* _About this task_: Going down the data below, set down exactly the line with "Gallery image thumbnail" and each line after it through the line with "Thumbnail: 2023 Chevrolet Blazer - 9"; no other lines.

* _Excerpted data_:
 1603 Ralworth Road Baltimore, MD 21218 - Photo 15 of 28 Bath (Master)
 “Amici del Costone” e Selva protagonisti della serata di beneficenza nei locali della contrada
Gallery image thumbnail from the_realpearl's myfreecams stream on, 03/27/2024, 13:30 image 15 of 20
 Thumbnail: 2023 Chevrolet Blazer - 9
--
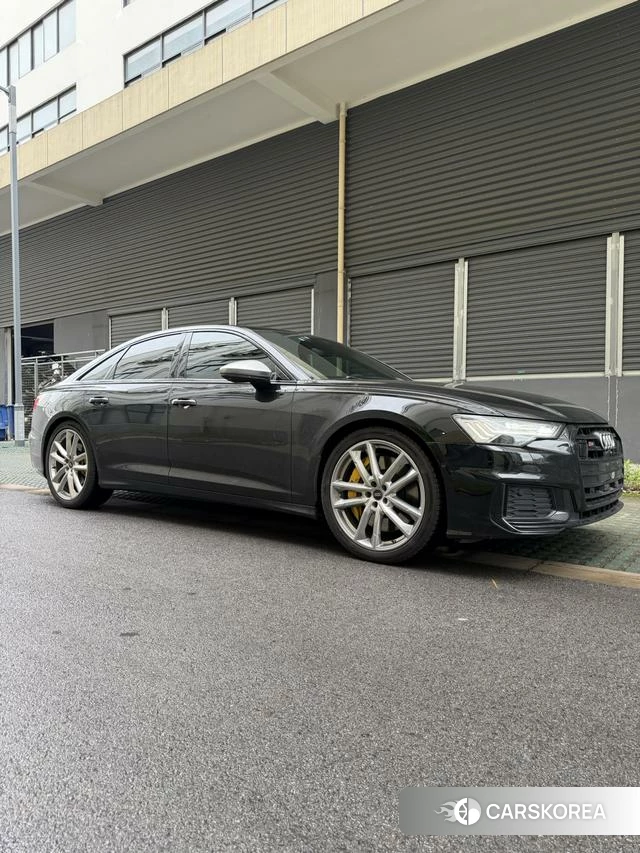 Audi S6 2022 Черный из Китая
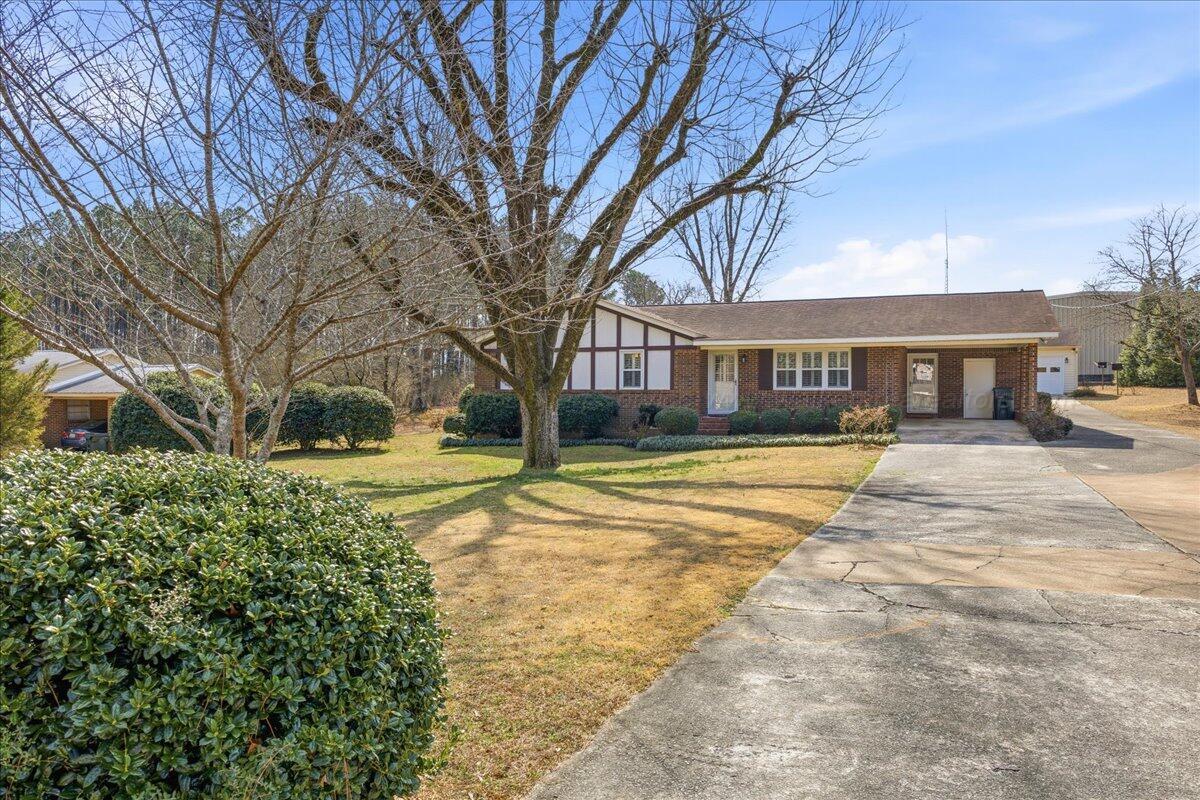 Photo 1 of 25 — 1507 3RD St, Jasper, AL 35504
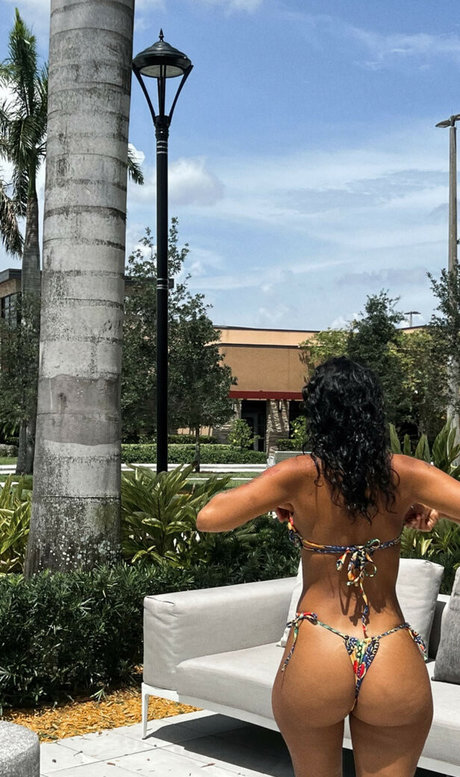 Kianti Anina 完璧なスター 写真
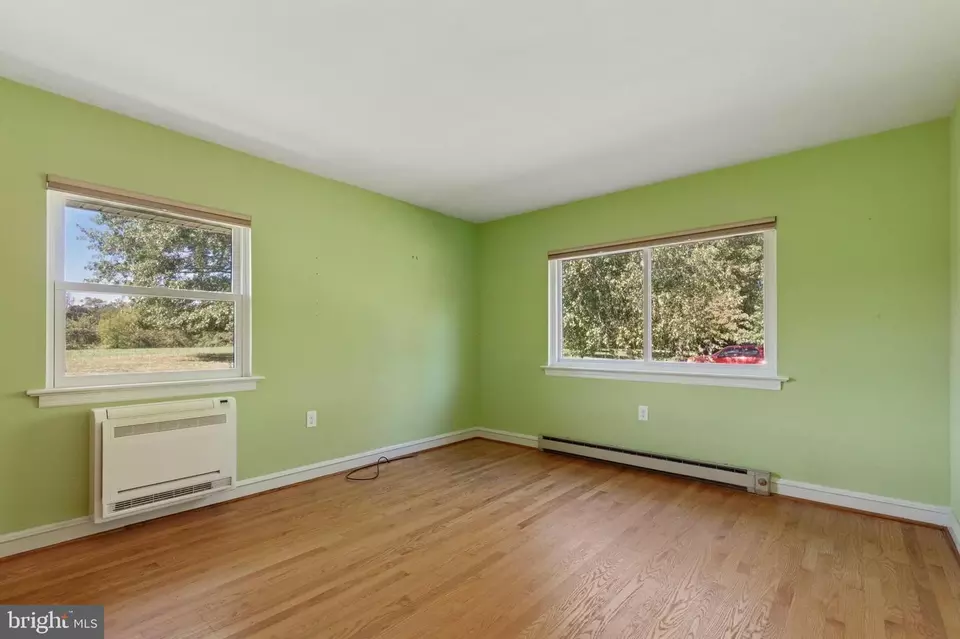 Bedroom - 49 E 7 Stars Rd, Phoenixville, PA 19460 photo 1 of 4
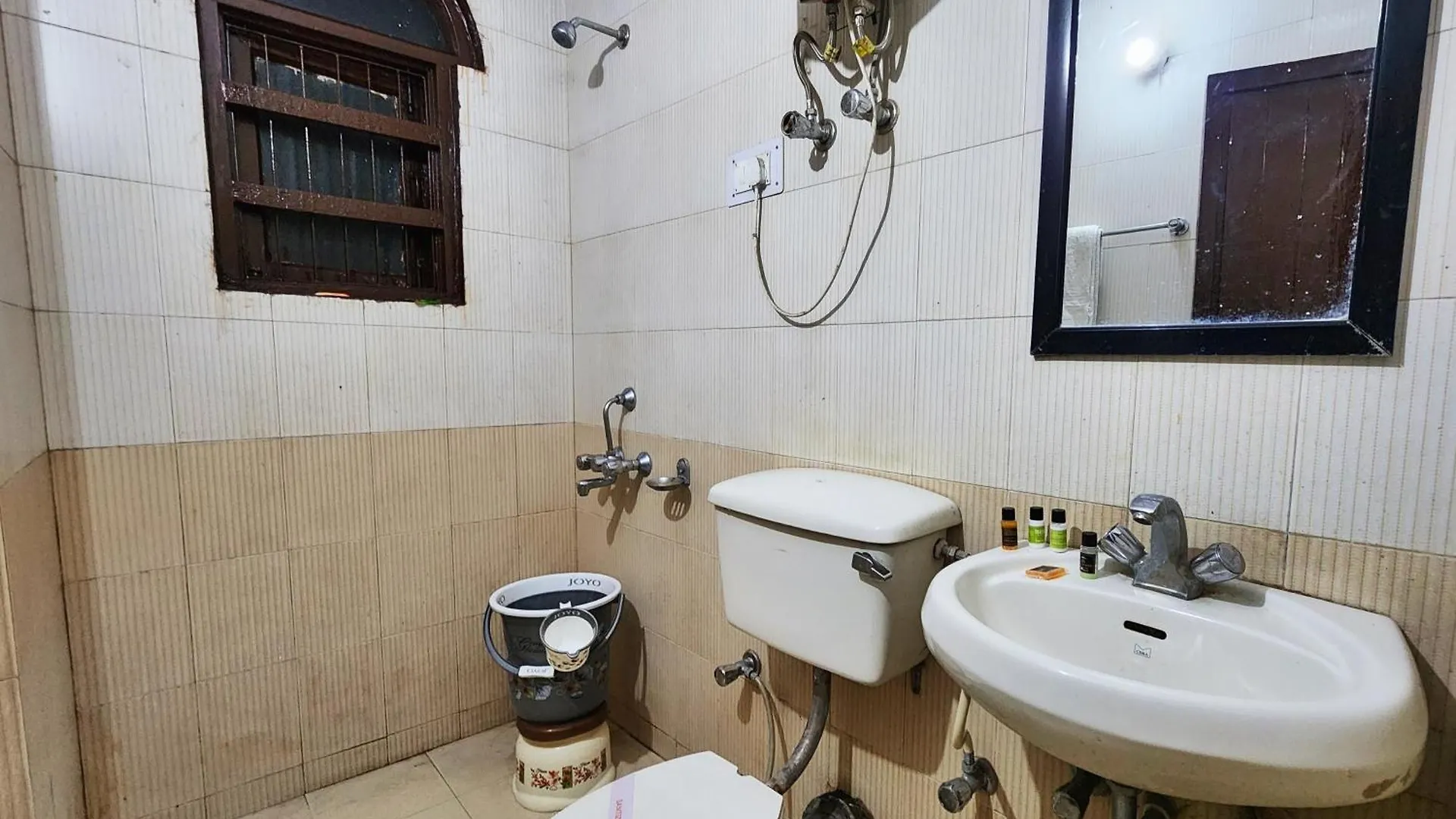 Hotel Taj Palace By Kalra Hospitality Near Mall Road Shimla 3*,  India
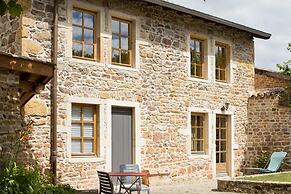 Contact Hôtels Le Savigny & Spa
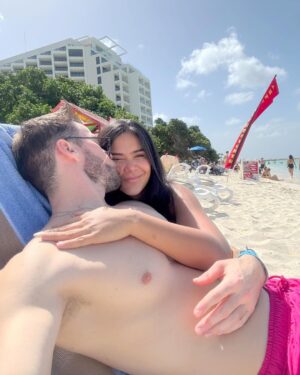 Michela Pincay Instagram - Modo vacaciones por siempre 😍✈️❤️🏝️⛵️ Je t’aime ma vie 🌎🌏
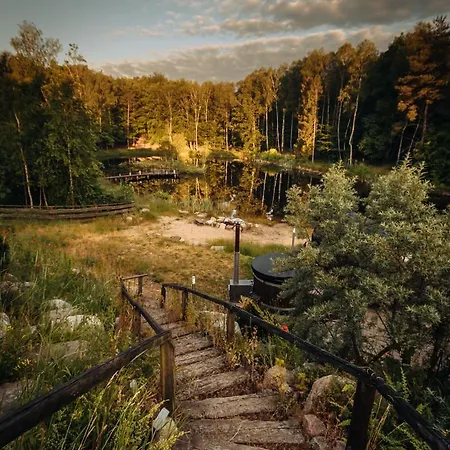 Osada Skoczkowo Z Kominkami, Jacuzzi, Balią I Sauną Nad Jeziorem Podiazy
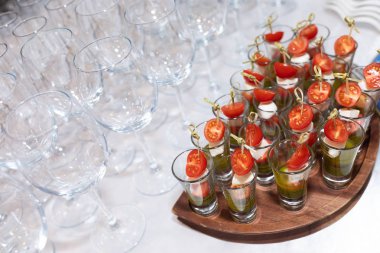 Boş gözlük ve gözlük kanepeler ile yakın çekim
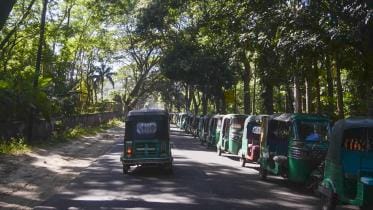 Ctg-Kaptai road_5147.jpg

* _Exercise output_:
Gallery image thumbnail from the_realpearl's myfreecams stream on, 03/27/2024, 13:30 image 15 of 20
 Thumbnail: 2023 Chevrolet Blazer - 9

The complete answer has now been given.